PeerSense earns a fee at closing — paid by the borrower out of MARC loan proceeds at standard SBA borrower-paid commission. No retainers, no application fees, no upfront cost. Standard SBA placement fee 0.5–1.0% of loan amount.
If you operate a miscellaneous manufacturing manufacturer in NAICS 339 with $3M–$50M miscellaneous in revenue and need $5M revolving credit at 20-year term, share the financials + AR aging + inventory listing in the form below. PeerSense will return a MARC structure recommendation + indicative pricing within one business day.

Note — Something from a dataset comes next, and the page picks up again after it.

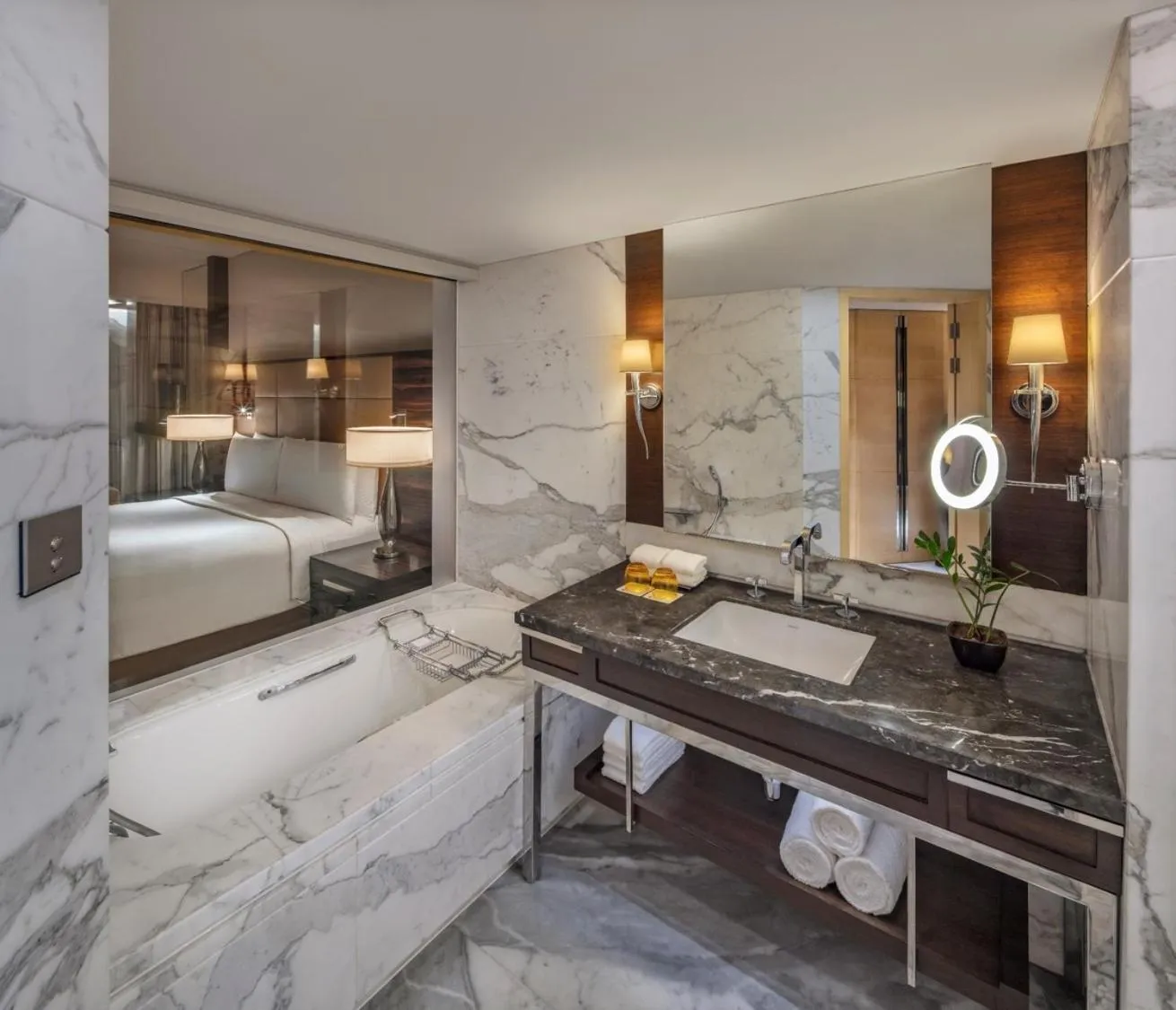 Bed in JW Marriott Mumbai Juhu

Other Manufacturing Sub-Sectors
**[Food Manufacturing (NAICS 311)](/learn/marc-naics-strategy/food-manufacturing)** (Tier 1) — 15–45 inventory cycle, 30–45 AR
**[Plastics & Rubber Products Manufacturing (NAICS 326)](/learn/marc-naics-strategy/plastics-rubber-manufacturing)** (Tier 1) — 40–80 inventory cycle, 45–75 AR
**[Fabricated Metal Product Manufacturing (NAICS 332)](/learn/marc-naics-strategy/fabricated-metal-products)** (Tier 1) — 50–90 inventory cycle, 45–75 AR
**[Machinery Manufacturing (NAICS 333)](/learn/marc-naics-strategy/machinery-manufacturing)** (Tier 1) — 90–180 inventory cycle, 60–90 AR
**[Transportation Equipment Manufacturing (NAICS 336)](/learn/marc-naics-strategy/transportation-equipment)** (Tier 1) — 60–120 inventory cycle, 45–75 AR
**[Chemical Manufacturing (NAICS 325)](/learn/marc-naics-strategy/chemical-manufacturing)** (Tier 2) — 45–90 inventory cycle, 45–60 AR
**[Computer & Electronic Product Manufacturing (NAICS 334)](/learn/marc-naics-strategy/computer-electronic-products)** (Tier 2) — 60–120 inventory cycle, 45–75 AR
**[See the national pillar](/learn/marc-naics-strategy)** — full strategy, schema, and FAQ across all 8 NAICS sub-sectors.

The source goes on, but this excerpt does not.